Internal control
 

The Group Board is responsible for the Group’s system of internal control and for regularly reviewing its effectiveness. Procedures have been designed for, inter alia, the safeguarding of assets against unauthorised use or disposition, maintaining proper accounting records and the reliability of financial information used within the business or for publication. Such a system is designed to manage rather than eliminate the risk of failure to achieve business objectives and can only provide reasonable and not absolute assurance against material errors, losses or fraud. There is an ongoing process of identifying, evaluating and managing the significant risks faced by the Group, which has been in place throughout the year under review and up to the date of approval of the Annual Report and Accounts. This process is regularly reviewed by the Group Board. The Group’s key internal control procedures include the following:

  • the Divisional Executive Board has responsibility to set, communicate and monitor the application of policies, procedures and standards in areas including operations, finance, legal, commercial and regulatory compliance, human resources and health and safety, information security and property management and corporate social responsibility and the environment

  • authority to operate the individual businesses comprising the Divisions that make up the Group is delegated to their respective Managing Directors within limits set by the Divisional Executive Board under powers delegated by the Group Board. The appointment of executives to the most senior positions within the Group, other than Group Board appointments, requires the approval of the Divisional Executive Board. It establishes key operational, functional and financial reporting standards for application across the whole Group. These are supplemented by operating standards set by local management teams, as required for the type of business and geographical location of each subsidiary and business unit

  • comprehensive annual financial plans are prepared at the individual business unit level and summarised at the Divisional and Group level. Financial plans are reviewed and approved by both the Divisional Executive Board and the Group Board. Capital expenditure is subject to rigorous budgetary control beyond specified levels and detailed written proposals have to be submitted to the Group Board. Expenditure on acquisitions is the subject of appropriate consideration, review and approval by the Group Board

  • results are monitored routinely by means of comprehensive management accounts and actual progress against plan is challenged directly by executive members of the Group Board on a Group-wide basis at the business unit level each month

  • a framework is in place to identify, assess and mitigate the major business risks, including credit, liquidity, operations, reputation, regulatory and fraud. The framework also includes specific provision for risk-based due diligence in respect of business acquisitions and new customer contracts. Exposure to business risks is monitored as an integral part of the monthly challenge to business results discussed above and by the Group Audit Committee

  • the risk framework is supplemented in certain of the Group’s businesses, including all financial services related business streams, by a number of formally constituted local boards, which in turn are underpinned by dedicated risk committees.

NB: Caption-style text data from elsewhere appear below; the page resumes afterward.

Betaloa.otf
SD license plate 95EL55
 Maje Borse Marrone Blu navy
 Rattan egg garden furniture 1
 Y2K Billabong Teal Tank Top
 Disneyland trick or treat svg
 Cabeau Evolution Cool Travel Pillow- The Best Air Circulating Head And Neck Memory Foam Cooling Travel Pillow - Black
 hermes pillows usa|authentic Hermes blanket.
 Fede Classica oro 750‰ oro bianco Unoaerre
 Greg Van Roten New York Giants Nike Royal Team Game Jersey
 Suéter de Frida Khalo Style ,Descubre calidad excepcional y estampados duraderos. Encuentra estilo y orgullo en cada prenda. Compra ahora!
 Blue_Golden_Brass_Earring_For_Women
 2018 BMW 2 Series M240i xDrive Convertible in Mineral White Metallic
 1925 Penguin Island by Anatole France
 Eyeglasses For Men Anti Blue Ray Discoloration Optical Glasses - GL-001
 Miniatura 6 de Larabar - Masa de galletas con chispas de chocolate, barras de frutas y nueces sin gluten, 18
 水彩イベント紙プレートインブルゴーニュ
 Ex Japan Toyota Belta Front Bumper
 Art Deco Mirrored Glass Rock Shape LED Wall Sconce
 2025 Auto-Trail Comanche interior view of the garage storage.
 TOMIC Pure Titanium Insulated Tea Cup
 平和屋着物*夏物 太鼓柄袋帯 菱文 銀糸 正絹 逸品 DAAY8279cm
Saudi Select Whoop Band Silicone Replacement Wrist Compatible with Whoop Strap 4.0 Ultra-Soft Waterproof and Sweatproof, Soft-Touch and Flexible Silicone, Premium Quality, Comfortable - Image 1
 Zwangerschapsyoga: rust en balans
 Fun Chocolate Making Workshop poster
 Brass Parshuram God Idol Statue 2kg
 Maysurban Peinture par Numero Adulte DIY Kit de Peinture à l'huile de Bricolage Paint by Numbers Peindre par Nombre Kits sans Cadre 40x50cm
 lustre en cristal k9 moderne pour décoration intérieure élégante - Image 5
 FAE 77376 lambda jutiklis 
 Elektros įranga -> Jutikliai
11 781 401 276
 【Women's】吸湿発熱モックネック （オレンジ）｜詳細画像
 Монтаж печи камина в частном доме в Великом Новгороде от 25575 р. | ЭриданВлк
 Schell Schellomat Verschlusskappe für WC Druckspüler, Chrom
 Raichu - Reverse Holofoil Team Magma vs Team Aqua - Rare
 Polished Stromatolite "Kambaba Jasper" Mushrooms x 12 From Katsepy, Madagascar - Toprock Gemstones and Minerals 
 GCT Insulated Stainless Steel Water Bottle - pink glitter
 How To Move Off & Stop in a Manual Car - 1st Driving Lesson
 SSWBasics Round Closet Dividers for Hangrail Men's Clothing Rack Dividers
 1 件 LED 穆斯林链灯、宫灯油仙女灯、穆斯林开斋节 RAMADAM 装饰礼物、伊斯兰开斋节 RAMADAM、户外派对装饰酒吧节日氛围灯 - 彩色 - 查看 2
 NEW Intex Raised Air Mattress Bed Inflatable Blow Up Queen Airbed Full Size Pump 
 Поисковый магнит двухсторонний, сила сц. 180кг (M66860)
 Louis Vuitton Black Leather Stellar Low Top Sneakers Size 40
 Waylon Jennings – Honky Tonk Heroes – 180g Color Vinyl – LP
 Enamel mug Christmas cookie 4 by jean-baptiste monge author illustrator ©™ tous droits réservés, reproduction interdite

These provide an appropriate means to routinely monitor the risk profile of these businesses, including regulatory risks, and for proposed mitigating actions to be challenged and tracked

  • the risk management framework is monitored and developed as required by the Group Risk and Business Assurance function, in conjunction with the Group Compliance function, to ensure that it remains appropriate to business requirements and consistent with best practice

  • the Group Risk and Business Assurance function reports to the Group Finance Director and independently to the Group Audit Committee. In addition to independently facilitating the Group’s risk management framework, it delivers a risk-based internal audit programme, to provide assurance on the effectiveness of the internal control structures operating across the business. The annual audit programme is focused on areas of greatest risk to the Group, as determined by the group risk framework, and the independent view of those risks taken by the Group Risk and Business Assurance function

  • in addition, regulatory risks and compliance matters are overseen by the Group Compliance function reporting through the Group Finance Director and independently to the Group Audit Committee. The Group Compliance Director and his team, in conjunction with dedicated Compliance teams within the relevant businesses, independently monitor regulatory compliance byway of risk-based work programmes and support operations in identifying and mitigating regulatory risks as an integral part of the Group’s risk framework

  • both the Group Compliance function and the Group Risk and Business Assurance function routinely appraise the Group’s senior management and the Group Audit Committee of their work programmes and findings.


The Group Board keeps under review the effectiveness of this system of internal control. The key mechanisms used by the Group Board to achieve this include regular reports from the Divisional Executive Board; periodic updates from the Audit Committee based on its review of risk management, business assurance and compliance reports by the relevant Group functions; discussions with and reports from the external auditors and other advisors and periodic reports from relevant Regulators. In addition, the Divisional Executive Directors and Divisional Finance Directors provide annual confirmation that the Divisions’ internal controls and systems are designed:

  • to provide accurate financial information

  • to adequately safeguard, verify and maintain accountability of the Group’s Assets

  • to ensure that provision is made for all amounts known to be irrecoverable at the balance sheet date

  • to ensure that accruals are accurately stated and, to the extent that they are known, all potential liabilities have been notified.

At several of its meetings during the year, the Group Board considered the means by which it monitors the effectiveness of internal controls and concluded that it was satisfied with the process and its compliance with the Internal Control Guidance for Directors on the Combined Code issued by the Institute of Chartered Accountants in England and Wales.